Das Gleichrichterwerk Tegel markiert einen technologischen Umbruch in der Versorgung der Berliner Stadt-, Ring- und Vorortbahnen mit Gleichstrom. Erstmals wurden hier statt rotierender Umformer Quecksilberdampf-Gleichrichter aufgestellt, die sich im Versuchsbetrieb bestens bewährten und zudem eine kostengünstigere Bauweise der Gleichrichteranlagen ermöglichten.
Beschreibung
erbaut: 1925-26
Architekt: Richard Brademann
Zusammen mit dem Unterwerk Hennigsdorf diente das Unterwerk Tegel zur Stromversorgung der Vorortstrecke von Berlin über Hennigsdorf nach Velten (heute S 25 / RB 55). Die Anlage in Tegel übernahm dabei die Speisung des südlichen Streckenabschnitts. Die beiden Unterwerke markieren den Beginn einer neuen Ära in der Stromversorgung der Berliner S-Bahn. Sie wurden erstmals mit wassergekühlten Quecksilberdampf-Gleichrichtern statt der zuvor verwendeten rotierenden Umformer ausgestattet. Die Stationen waren zunächst nur als Versuchswerke geplant, um Erkenntnisse über den neuartigen und im Verhalten noch unbekannten Gleichrichterbetrieb zu gewinnen. Es stellte sich heraus, dass die Gleichrichter bei gleicher Leistung wie die Umformer einen geringeren Raumbedarf hatten und sich wegen geringeren Gewichts und fortfallender dynamischer Belastung die Anforderungen an die Statik der Gebäudekonstruktion wesentlich reduzieren ließen.

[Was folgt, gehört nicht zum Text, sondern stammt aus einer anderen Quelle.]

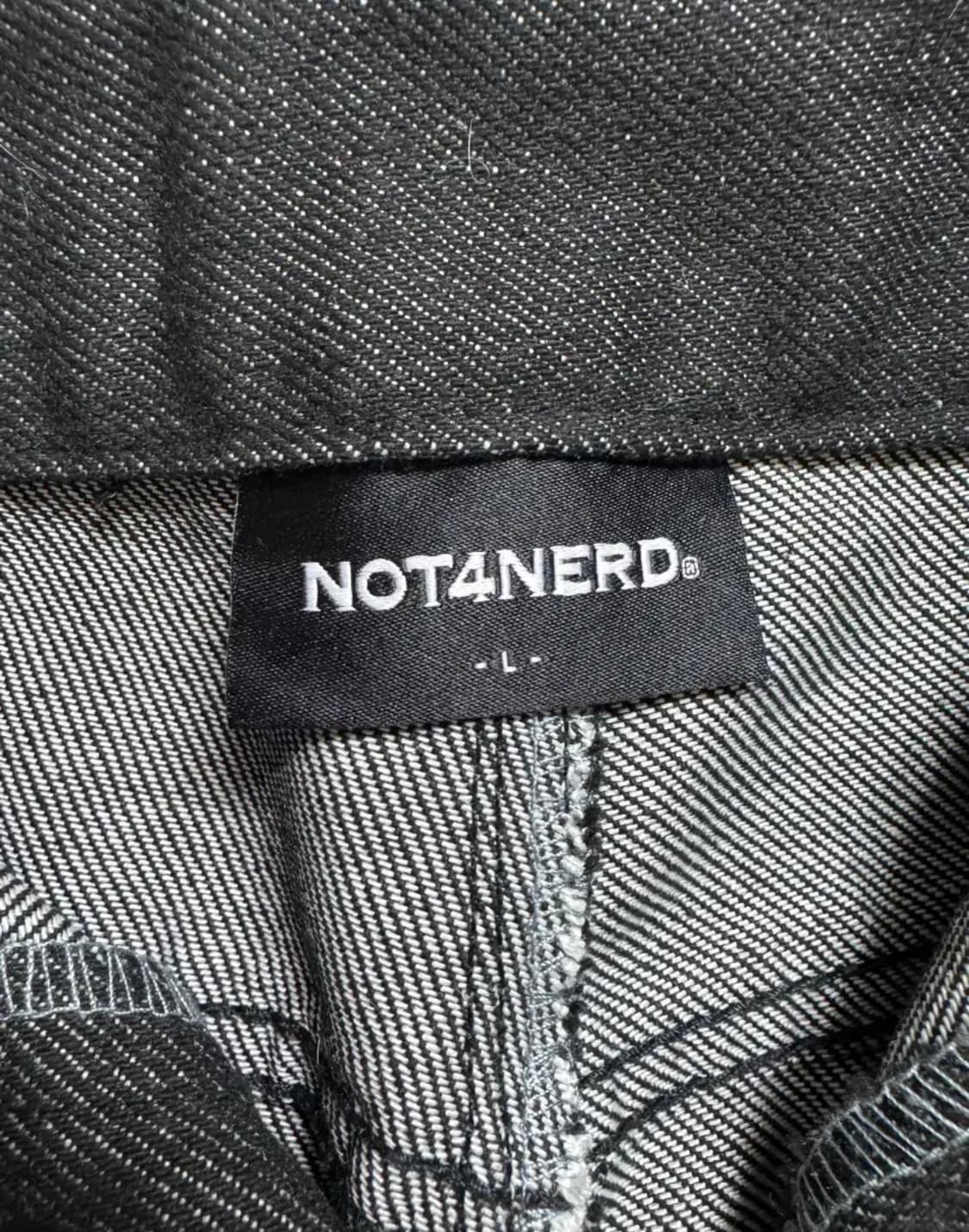 [L size] 낫포너드 드립 로고 블랙 데님 상품이미지5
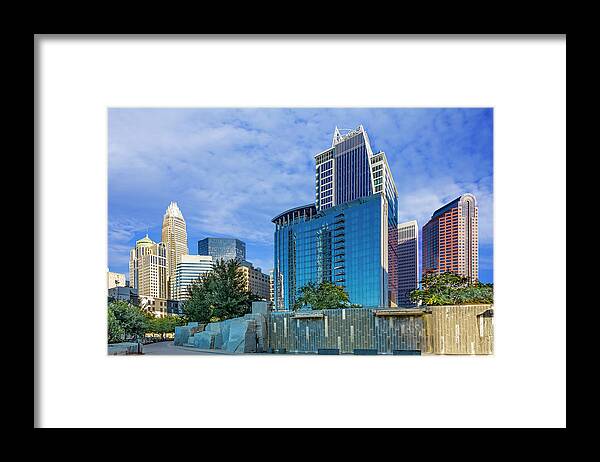 Charlotte Framed Print featuring the digital art Romare Bearden Park 6 by SnapHappy Photos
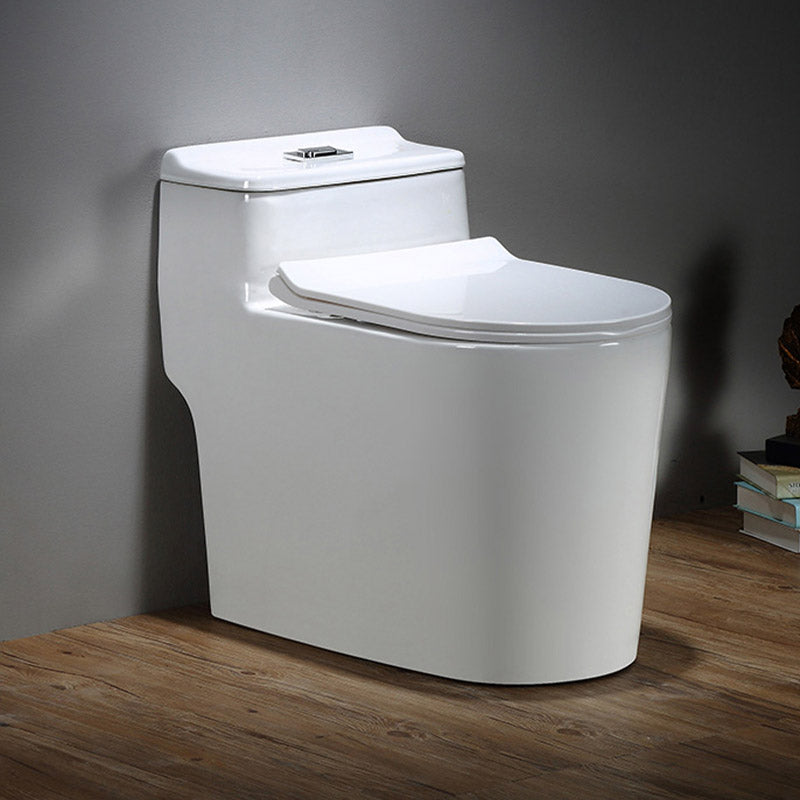 Traditional All-In-One Skirted Toilet Bowl Siphon Jet Toilet with Seat for Bathroom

Somit ist es nicht verwunderlich, dass sich der technische Wandel in einem gegenüber den Umformerwerken veränderten architektonischen Erscheinungsbild niederschlug. Wie in Hennigsdorf fasste Brademann auch in Tegel die gesamte technische Ausrüstung in einem einzigen Gebäudekubus zusammen. Im Erdgeschoss befanden sich die 30 kV-Sammelschiene der ankommenden Versorgungsspannung sowie die Ölschalter und Transformatoren. Das Obergeschoss war für die Gleichrichter und die 800 V-Sammelschiene für die abgehende Bahnstromversorgung reserviert. Beide Geschosse konnten mit einem Laufkran bedient werden. Die von ihm rangierten Ausrüstungsgegenstände wurden über ein großes Tor an der Seite zugeführt. (Foto 4)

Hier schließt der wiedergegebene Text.